The United Nations’ climate change summit kicked off on Sunday in Glasgow, Scotland. Some of the biggest names in world politics — including president Joe Biden and UK prime minister Boris Johnson — are invited to discuss everything from carbon neutrality commitments to new infrastructure that could allow the world to hit the goals laid out in the Paris Agreement.
And to make the long journey, ironically, many of them are resorting to an extremely privileged and polluting form of transportation: private jets. An estimated 400 private planes flew into Glasgow for the event, the BBC reports.

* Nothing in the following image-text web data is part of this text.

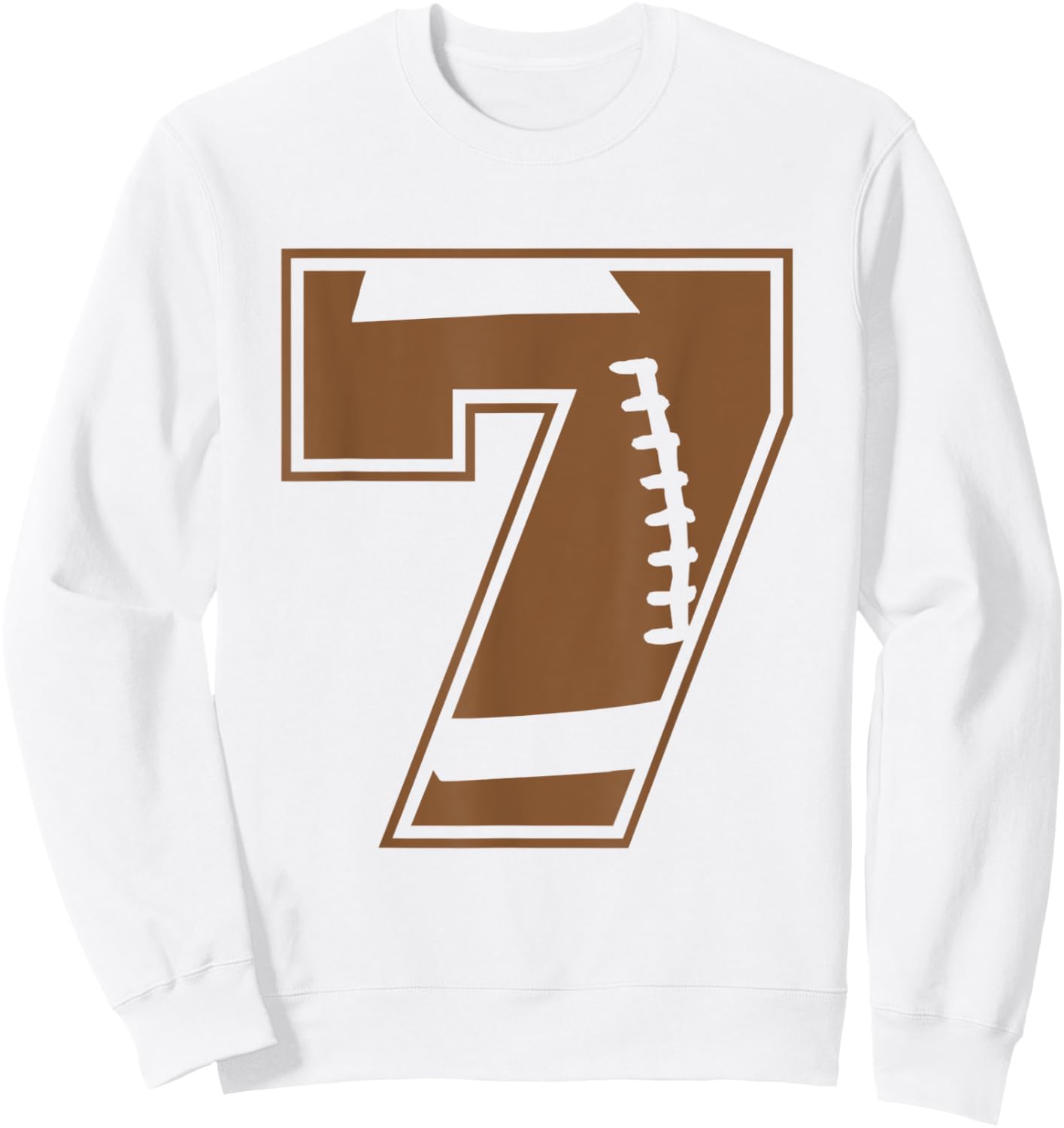 Football 7 Jersey Number Sweatshirt - Sweatshirt | White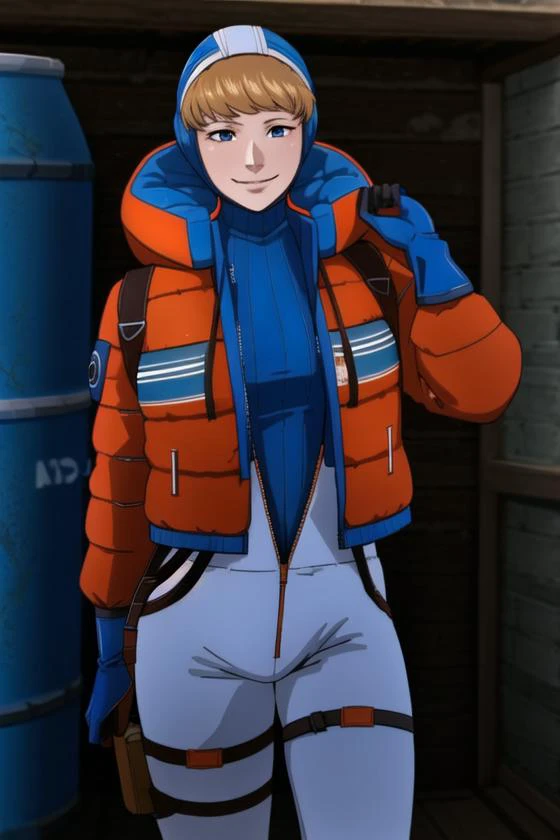 <lora:NTRman:.6>, NTRman, <lora:wattsonApexLegends_v30:0.9>, wattson (apex legends), masterpiece, best quality, 1girl, solo, hooded bodysuit, bodysuit, white bodysuit, hood, scar, jacket, scar on face, scar on cheek, orange jacket, bangs, gloves, blonde hair, blue eyes, knee pads, hooded jacket, blue gloves, ribbed bodysuit, blue bodysuit, thigh strap, burn scar, looking at viewer, cable, open hands, standing , blue headwear, smile, cowboy shot,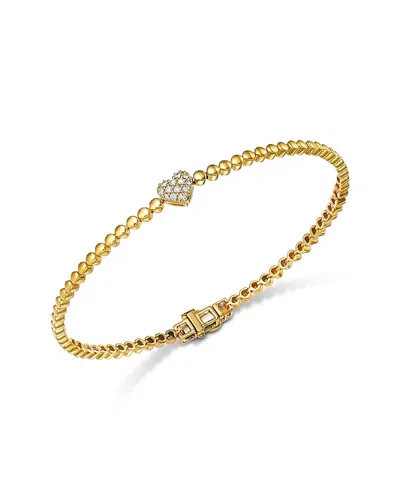 Bloomingdale's Fine Collection Diamond Heart Beaded Bracelet In 14k Yellow Gold, 0.10 Tcw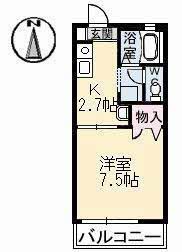 コロニーKB棟(1K/2階)の間取り写真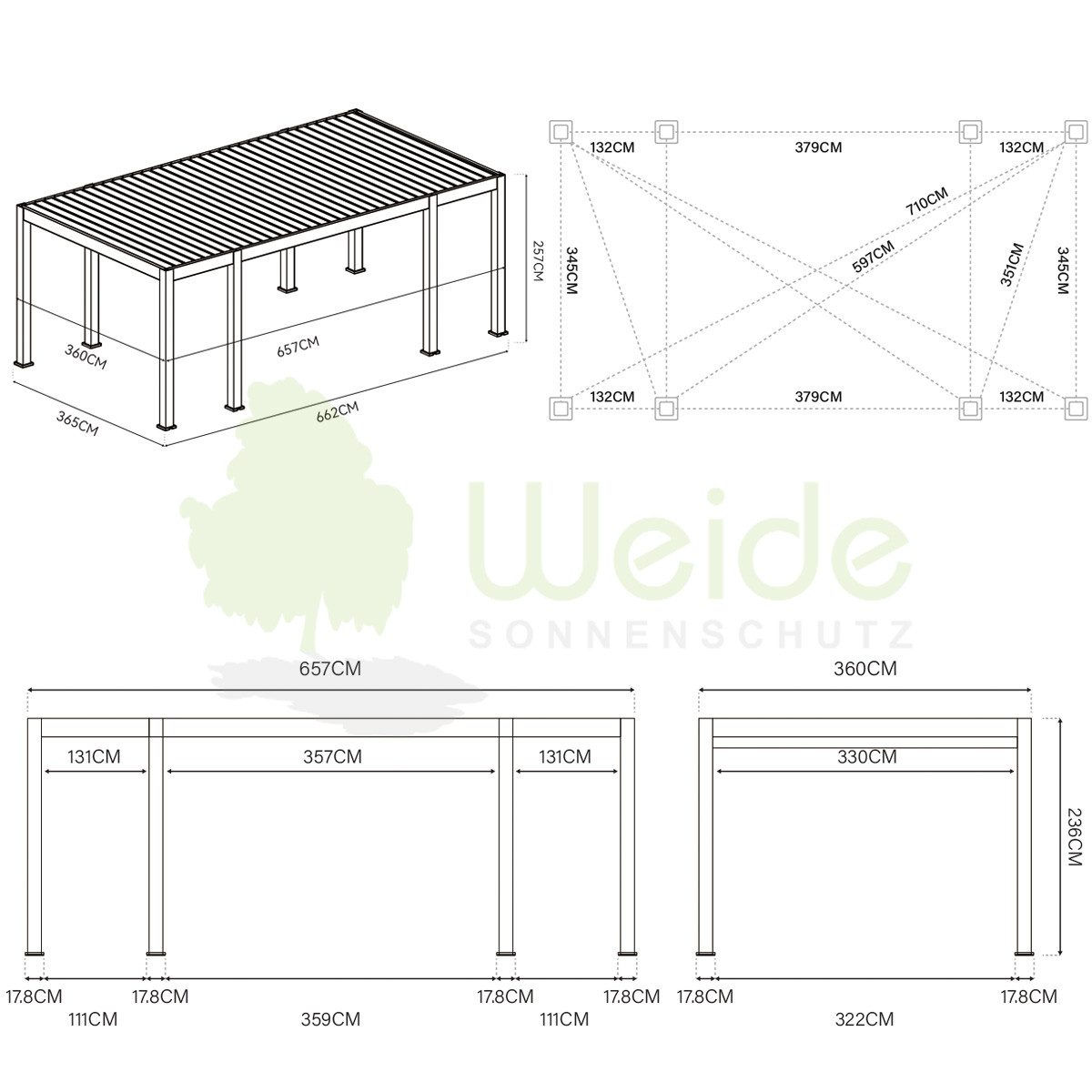 Weide Pergola Prestige Pavillon Alu LED 3,6 x 6,57 M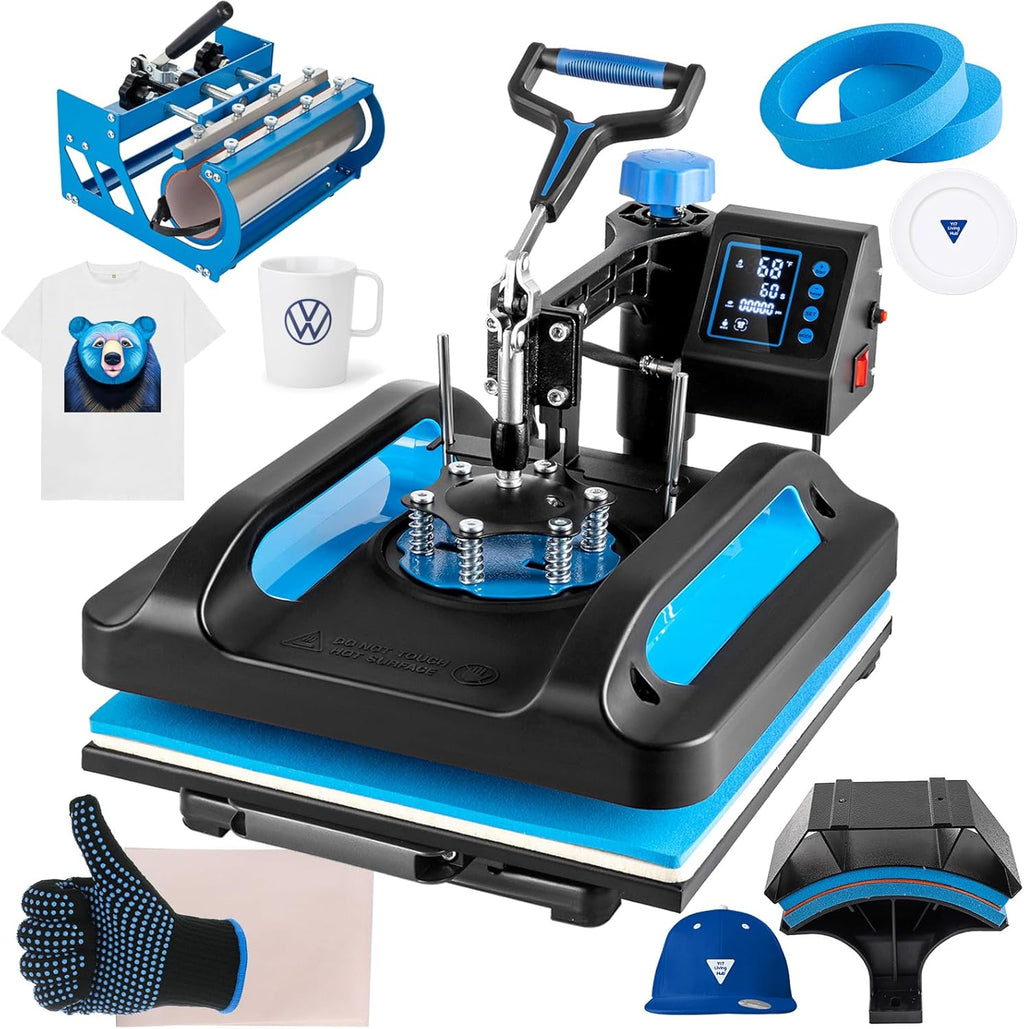 Pro Heat Press 15x15 Inch, 5 in 1 Heat Press Machine with 30 OZ Tumbler Press, Swing Away T Shirt Pressing Machine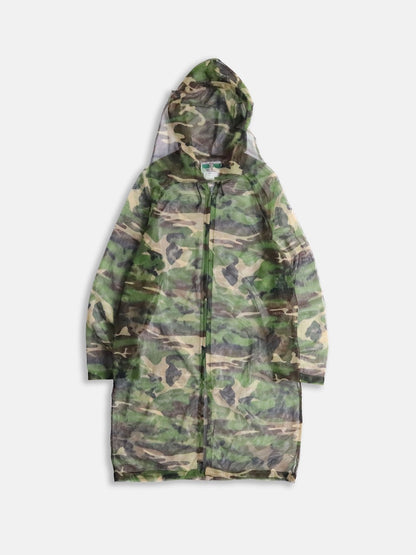 woodland camo nylon mesh zip-up parker L/S green
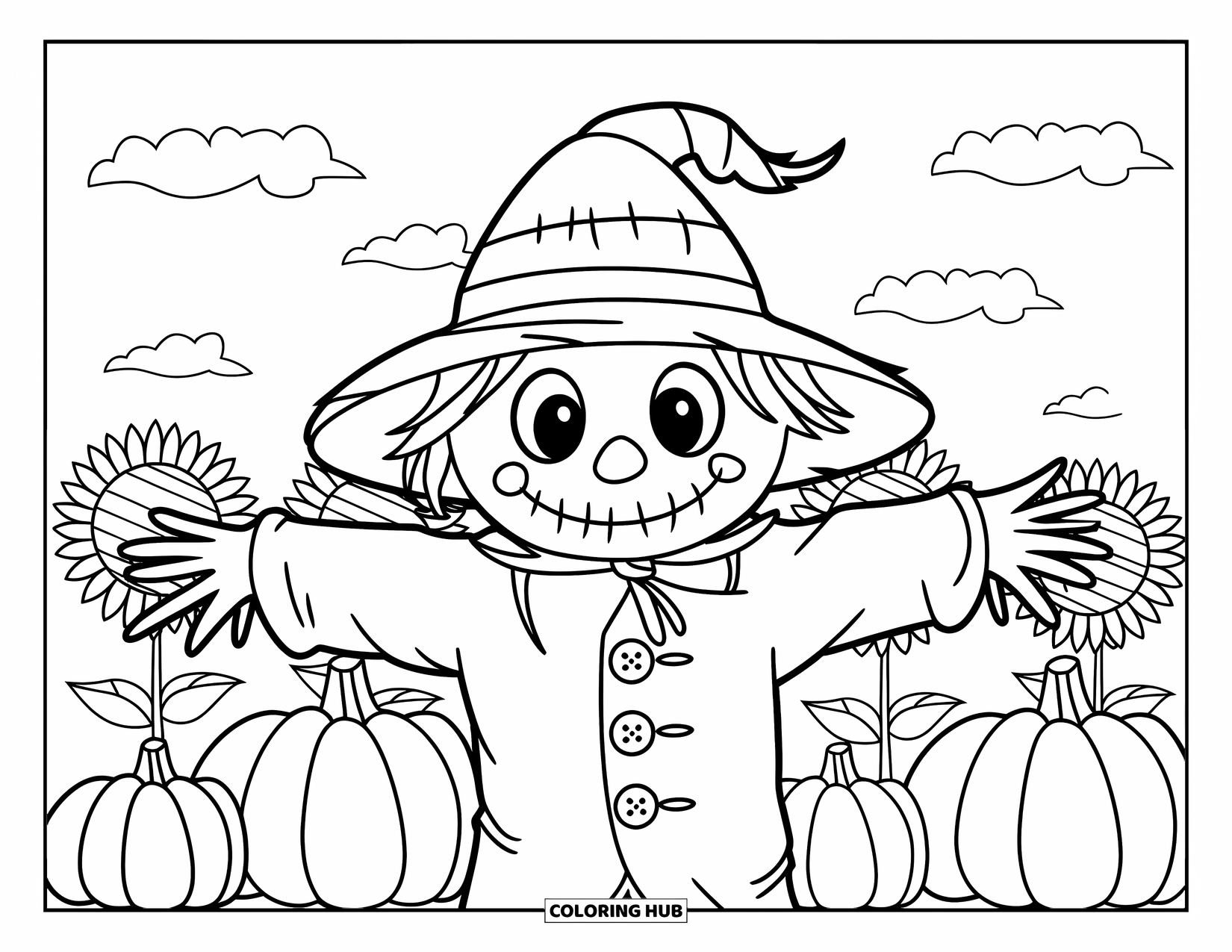 Pumpkin Patch Coloring Page for Kids: Smiling scarecrow with pumpkins and sunflowers in a bright open field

The double standard couldn’t be more obvious. Ahead of voicing their concern about global warming, lawmakers are resorting to a form of transportation responsible for an astonishing amount of carbon pollution, as Gizmodo points out. A mere four hour journey on board a private jet is equivalent to the amount of greenhouse gases being produced by the average European citizen in an entire year.
During the COP26, Biden and several other heads of state urged their allies to negotiate solutions towards lowering carbon emissions and fossil fuels.
After arriving at Prestwick Airport in Scotland Sunday, Bezos and his partner, Lauren Sanchez, met with the Prince of Wales to discuss climate change on the eve of the UN summit. What an important moment.
What is private jet transportation, ultimately — shameless ignorance, leading to potentially damaging coverage in the media, or justified behavior by in-demand public figures?
Some are arguing the latter.
“Given all of the travel required to get here, it even further increases the pressure on the shoulders of world leaders to make sure it’s worth it,” Scotland’s First Minister Nicola Sturgeon told the BBC.
But to many, that point doesn’t amount to much of an argument. In fact, why fly at all when lawmakers and world leaders can hop on a Zoom conference?
Perhaps it’s time to ban private jet travel outright, as Gizmodo argues — or at least make fliers pay for the extravagant emissions their private air travel is responsible for?